Information shown Start Marker
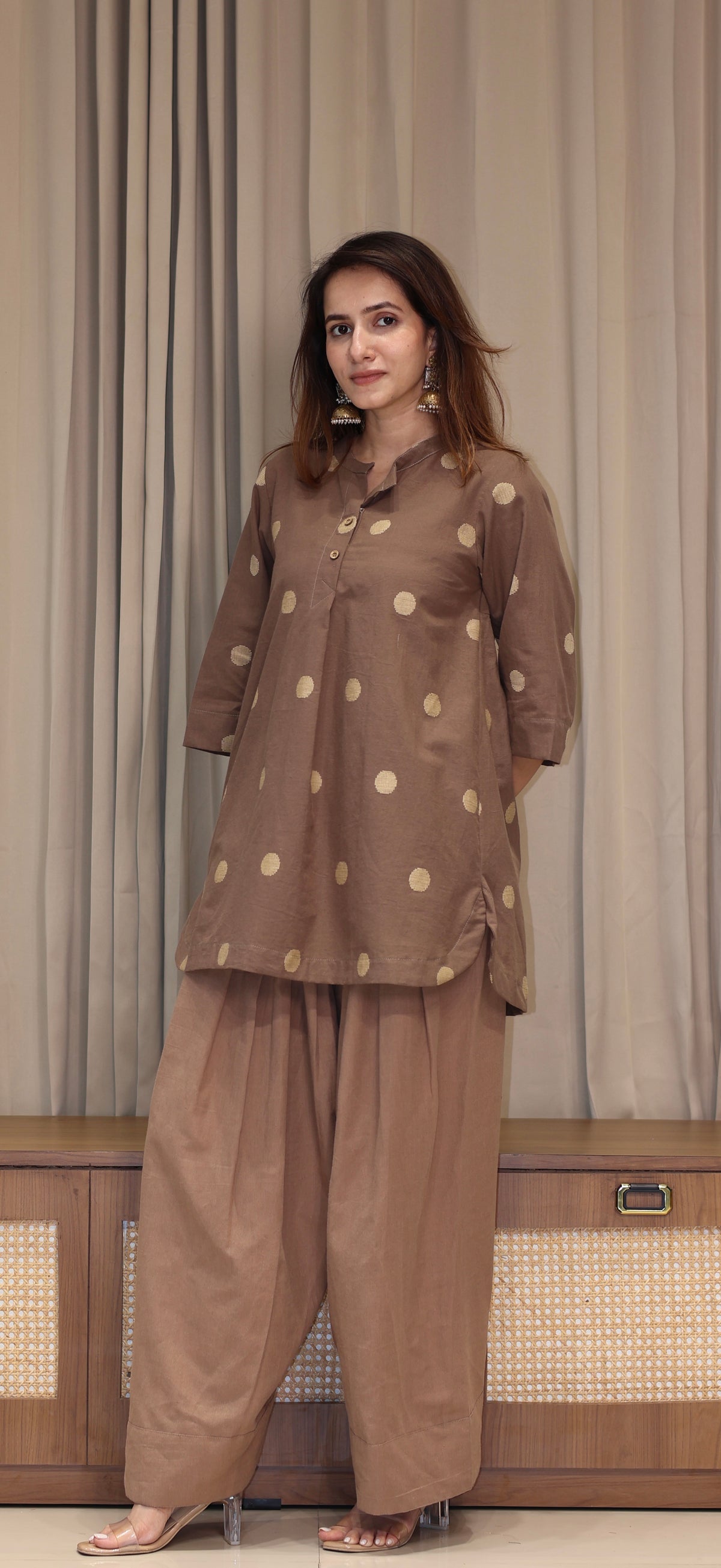 Vidhi Handwoven Cotton Kali Kurta Set - Brown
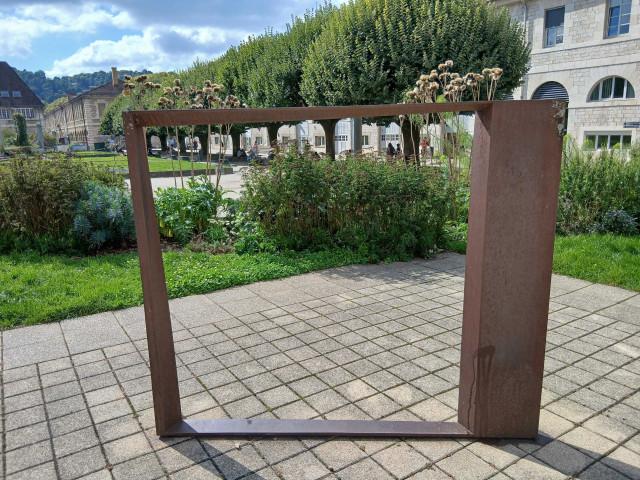 Sculpture ; Papillon ; rythme cosmique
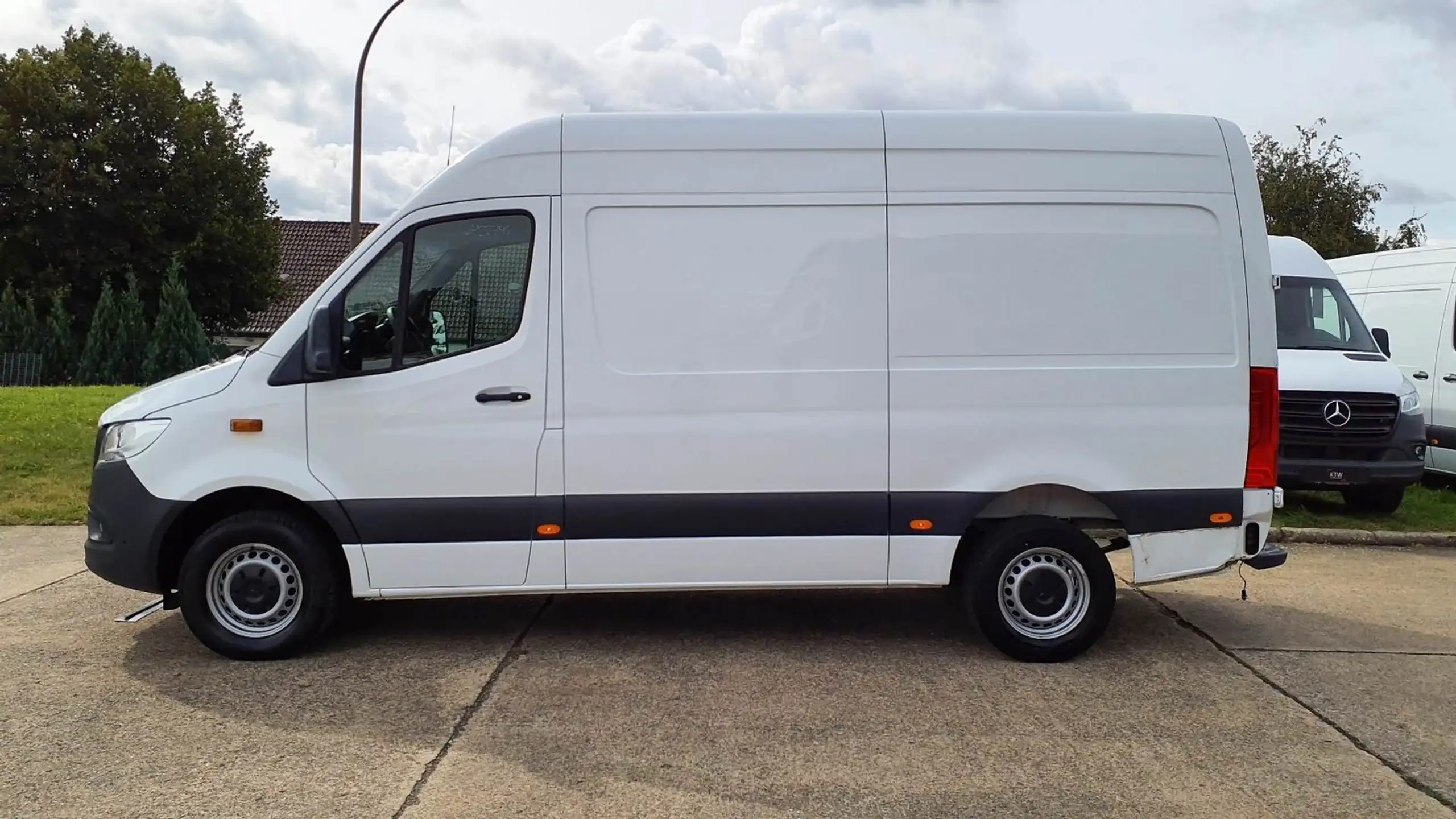 Mercedes-Benz - Sprinter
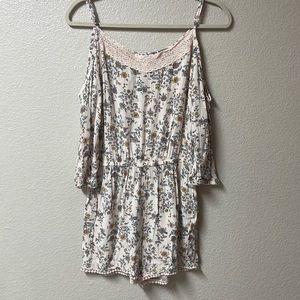 Flower patterned romper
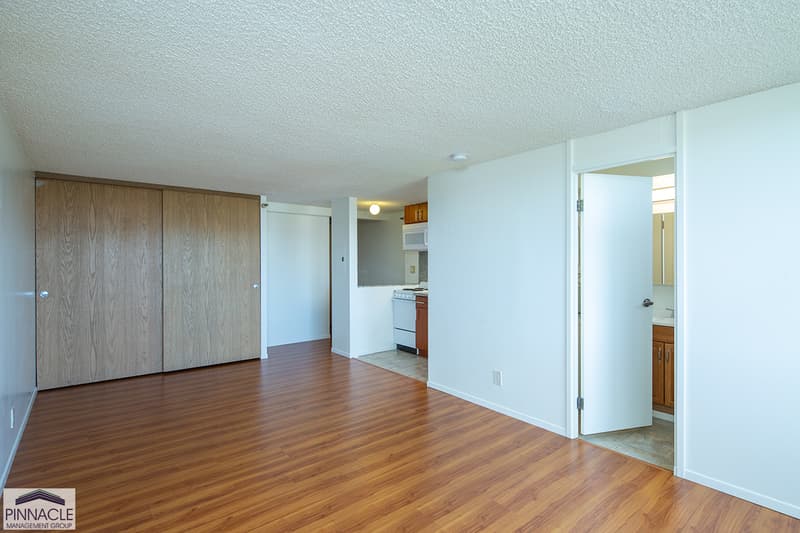 Pearl City Condo: 1060 Kamehameha Hwy #2701B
Information shown End Marker
#### What to work on:
Set down each of the records precisely, leaving any pictures behind.

#### Task solution:
 Vidhi Handwoven Cotton Kali Kurta Set - Brown
 Sculpture ; Papillon ; rythme cosmique
 Mercedes-Benz - Sprinter
 Flower patterned romper
 Pearl City Condo: 1060 Kamehameha Hwy #2701B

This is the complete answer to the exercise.